What you are asked to do: Wherever the line with "Skan Holz Terrassenüberdachung" sits in the listing below, transcribe from it up to and including the line with "Excited Bangladeshi woman", exactly, and leave the remaining lines out.

Provided information:
+ + + +

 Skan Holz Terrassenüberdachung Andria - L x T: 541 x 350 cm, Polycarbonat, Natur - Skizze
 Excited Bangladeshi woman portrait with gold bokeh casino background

+ + + +

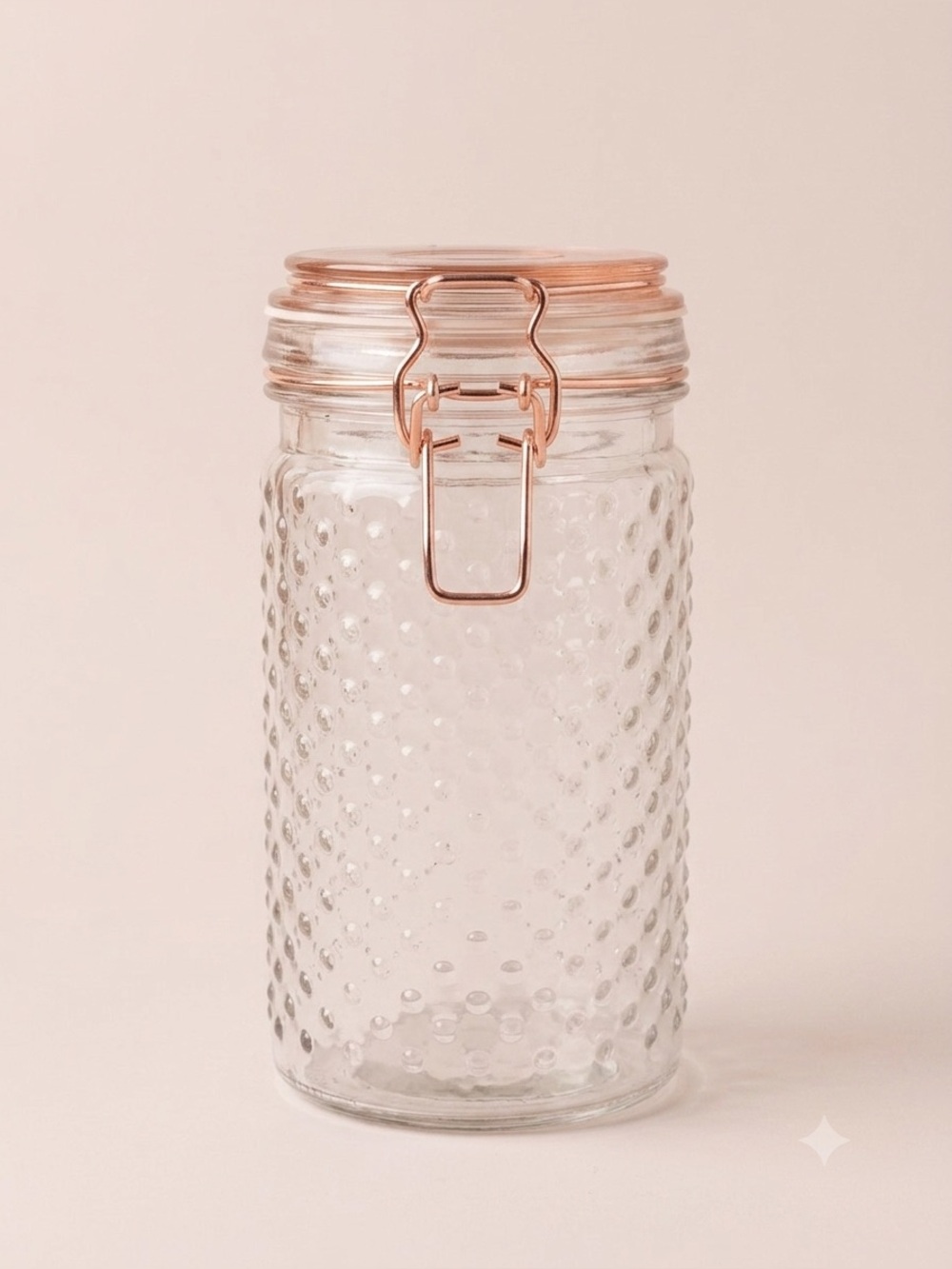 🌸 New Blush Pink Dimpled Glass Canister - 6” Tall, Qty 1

+ + + +

Response to the exercise:
 Skan Holz Terrassenüberdachung Andria - L x T: 541 x 350 cm, Polycarbonat, Natur - Skizze
 Excited Bangladeshi woman portrait with gold bokeh casino background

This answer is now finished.